Tiffany Haddish is the only human in this botox-injected comedy.
A question that has been burning through my mind during my viewing of “Like a Boss,” and that question is this: what expecting mother would show her affection for a baby shower cake with a baby’s head popping out of a vagina and blood dripping down on it? The minute I saw that joke, I was disgusted.
I have the same analogy of watching “Like a Boss,” as my mother would for watching different versions of “Real Housewives.” I’m a smart person watching stupid women. Now, Greta Gerwig’s recent take on “Little Women” gave them their intelligence and independence, and we deserve movie women like them. Whereas this desperate comedy has a variety of talented actors who talk like aliens, and humiliate themselves in the process.
The only star in the film that does work for me is Tiffany Haddish who co-stars with Rose Byrne as Mia & Mel, the owners of the struggling cosmetics shop “Mia & Mel” (so it’s like an M&M, get it?), who have been best friends since school. They have generic co-workers, like the divorced Sydney (Jennifer Coolidge) and the gay Barrett (Billy Porter), and they’re in major debt.
Haddish uses her dialogue and attitude to make her character Mia a human, while the usually talented Byrne places her character Mel in awkward positions, like when a guy she slept with last night asks if she’ll call him or when she dances with some party girls. And the scene when she accidentally drops a joint in a baby’s crib, and Mia takes a picture of it isn’t as humorous as intended. It looks better in the trailers as far as I’m concerned.

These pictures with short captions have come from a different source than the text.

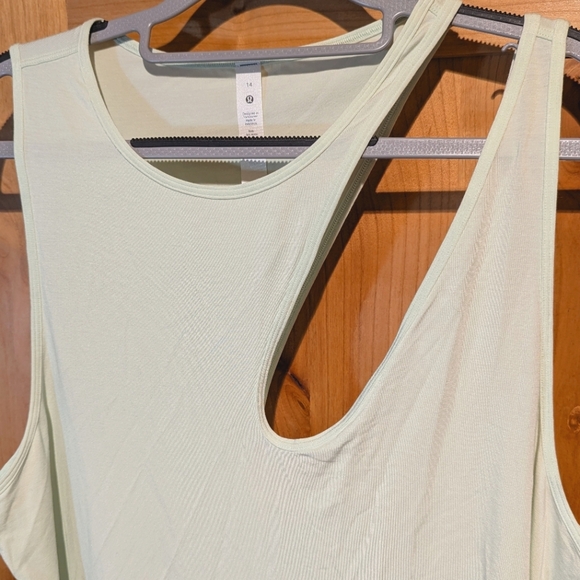 Lululemon NWT Modal-Silk Shoulder Cut-Out Yoga Tank Light Green Sz 14 - Picture 8 of 11
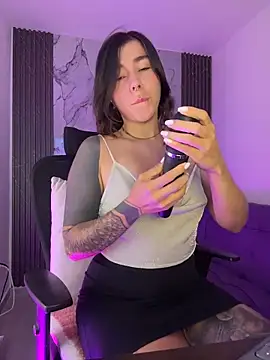 Snapshot of luccianagreyy chatting on 06/19/26, 11:38 luccianagreyy online show from 06/19/26, 11:38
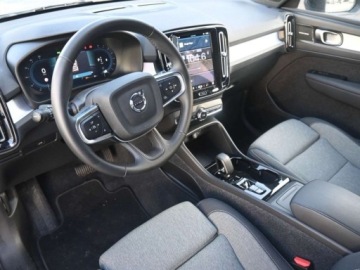 Volvo XC40 Crossover Facelifting 2.0 B3 163KM 2025 VOLVO XC40 B3 Plus Dark Suv 2.0 163KM 2025, zdjęcie 7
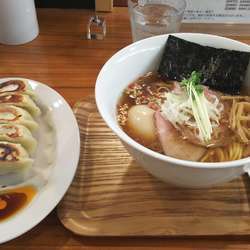 アメオトソバ【醤油】+餃子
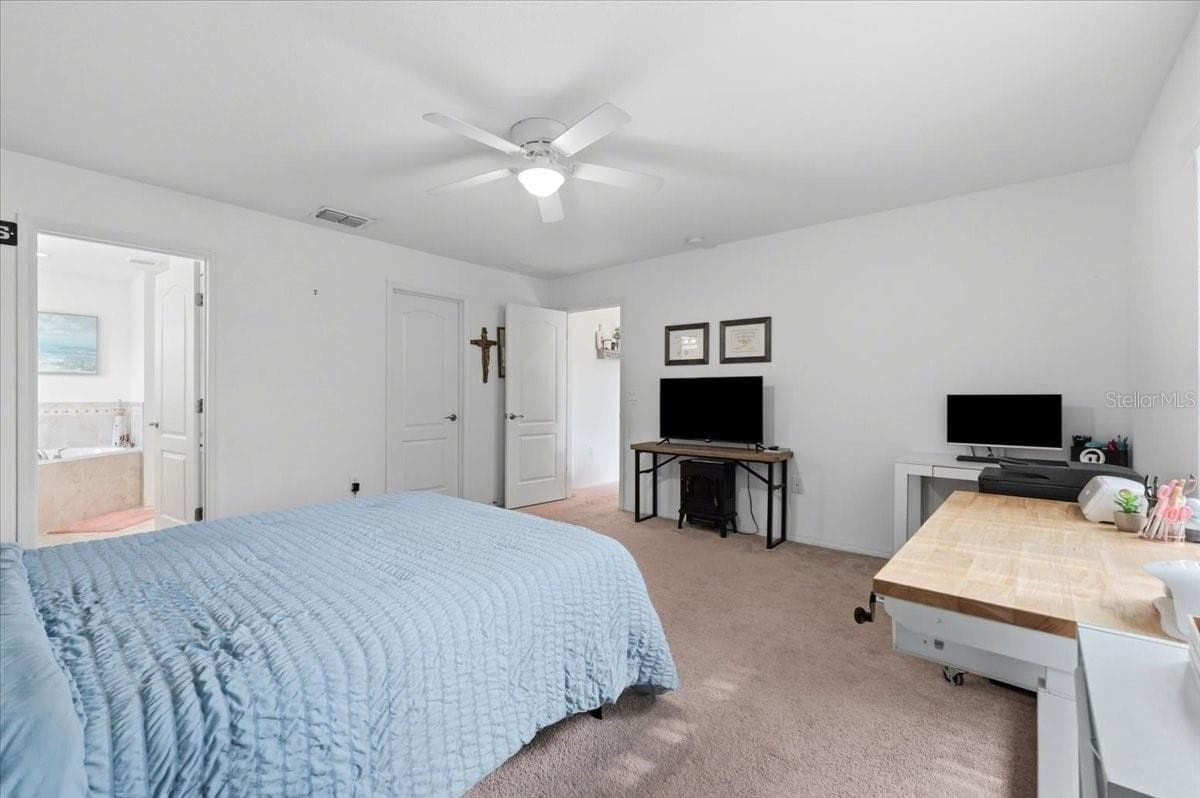 180 SOLIS DRIVE — photo 15 of 41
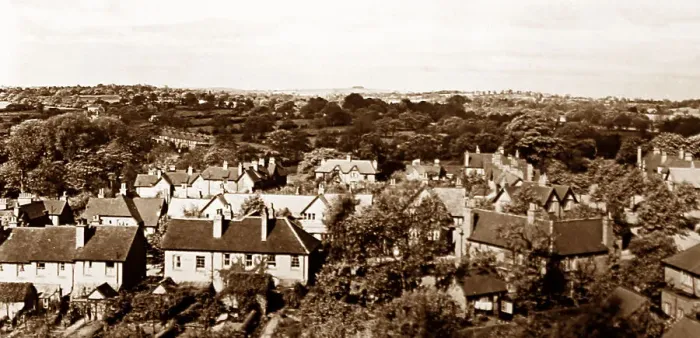 Framed Print : Bournville Village in the 1920s Framed Print : Bournville Village in the 1920s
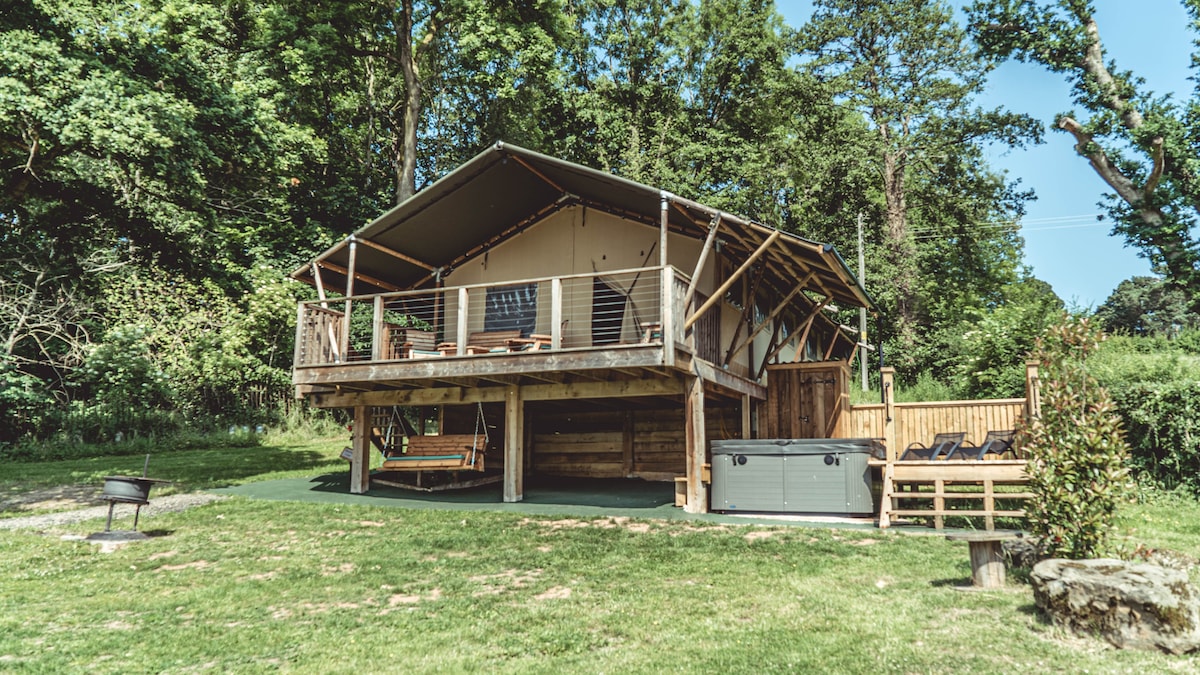 Sweeney Farm Glamping - Mountain Lodge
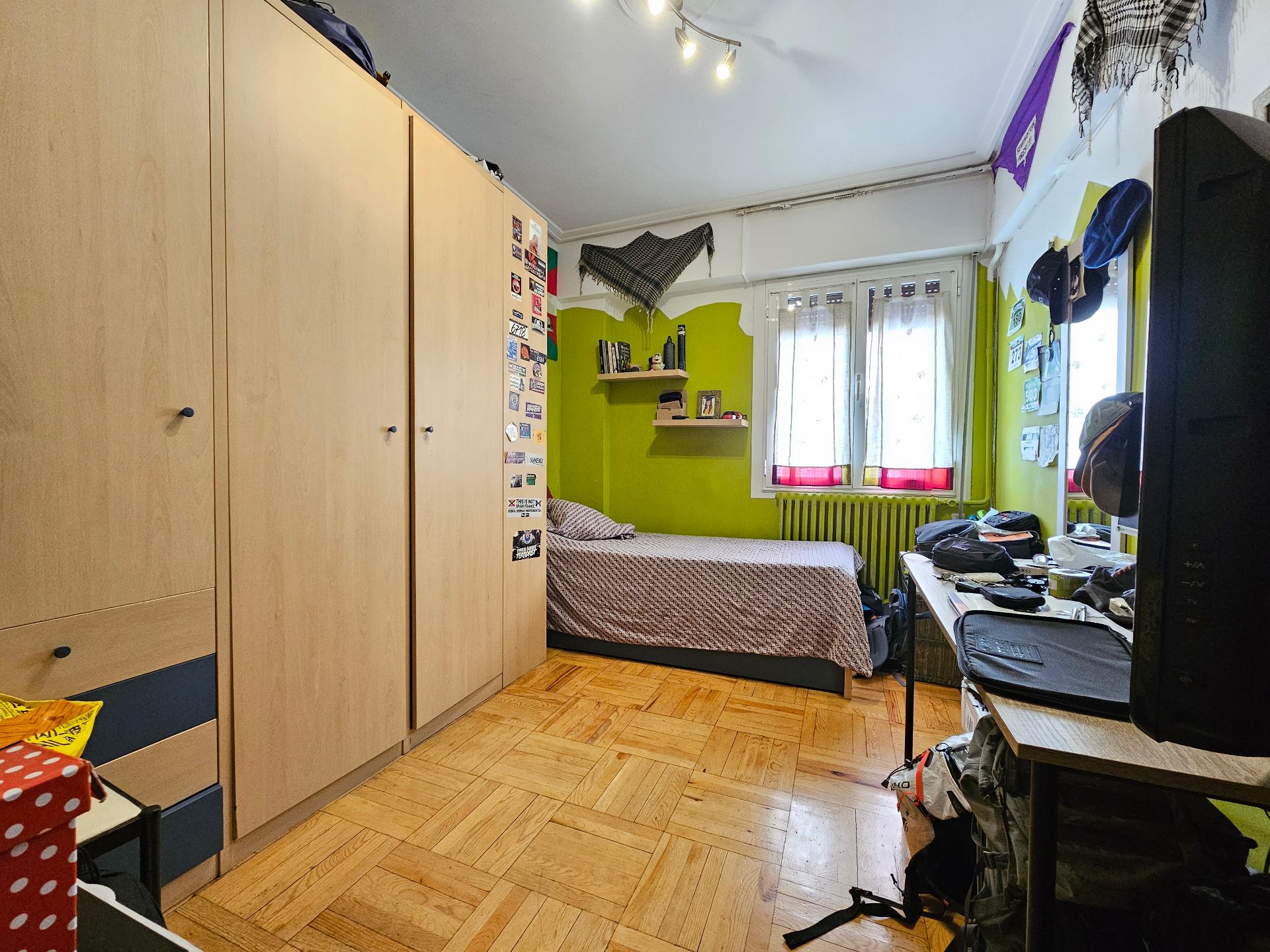 Habitación de Piso en venta en Vitoria - Gasteiz con Calefacción, Parquet y Trastero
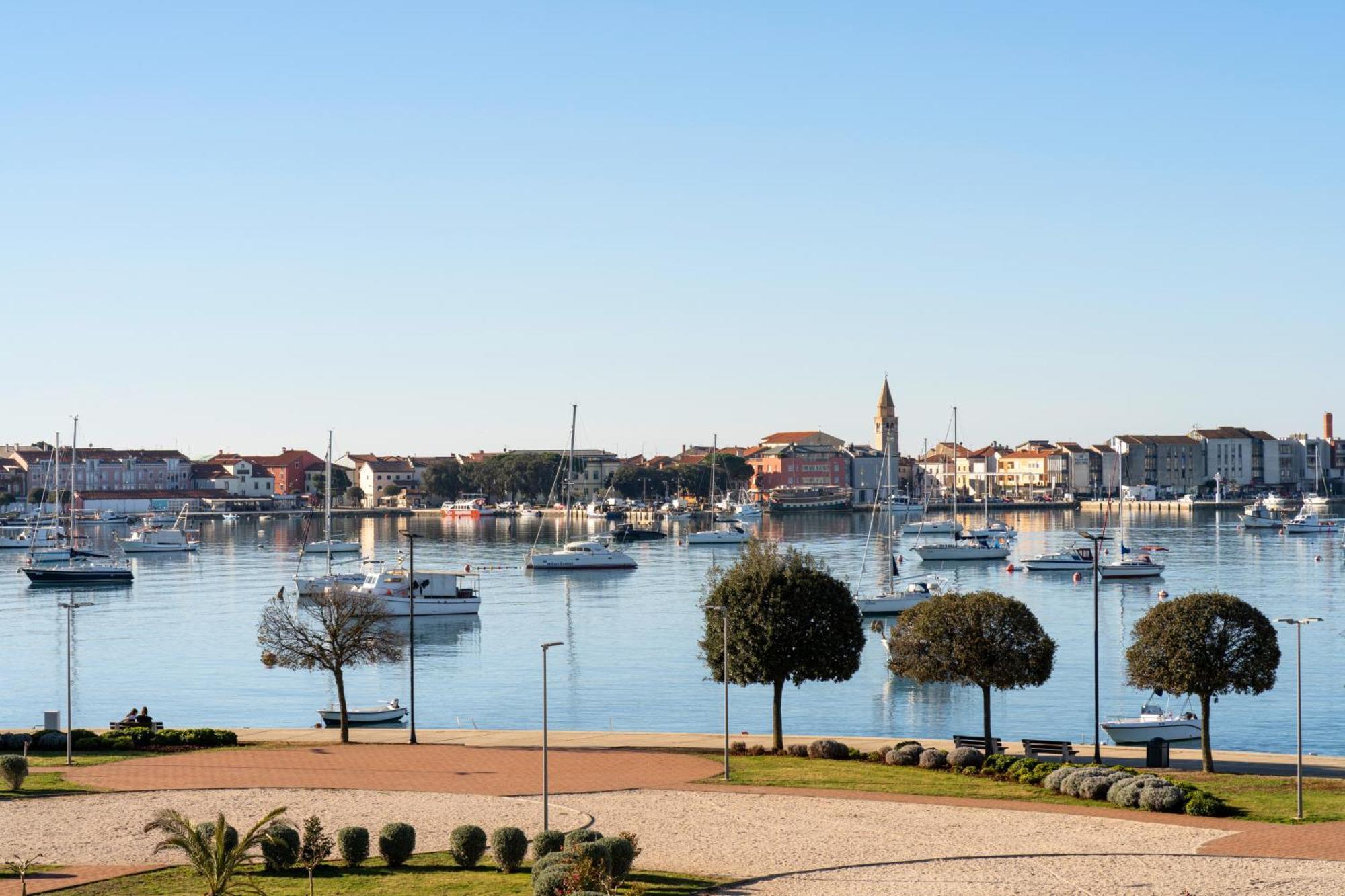 Humagum Sea View Apartment - Garden Palace Umag Exterior photo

Mia is the only one who would rather keep their business as part of their friendship, while Mel is eager when the nasty and shallow cosmetic mogul Claire Luna (Salma Hayek) plans to buy 51% of their company. If you ask me, the Hayek character is so demeaning, you’d rather see her in “Wild Wild West,” then bump breasts with Coolidge in a fight.
You also get an all-star cast, including Ryan Hansen and Jimmy O. Yang as two straight cosmetic pros, Lisa Kudrow cameoing as Claire’s ex-partner, Karan Soni as Claire’s right-hand-man, Jacob Latimore as Mia’s younger sex buddy, and Jessica St. Clair as the dopey expecting mother I’ve mentioned on top. All of them are weak, bland, and just plain annoying.
And “Like a Boss” was directed by Miguel Arteta, who made much more well-meaning films in the past like “Alexander and the Terrible, Horrible, No Good, Very Bad Day,” and “Beatriz at Dinner.” Here, he’s lost his way in the typical stereotype that when chick flicks are directed by men, they always have to degrade women, as if audiences are stupid enough to enjoy them.
Again, Haddish is the only sane actress in the movie, and I did smile when she deals with Claire’s drones, which she thinks are birds, and tries and fails to break one of them. But not even she could tame Byrne, Hayek, or any other wasted talented in this botox-injected headache of a picture.
Something tells me I might see something worse this later year, but we’ll cross that bridge when we come to it.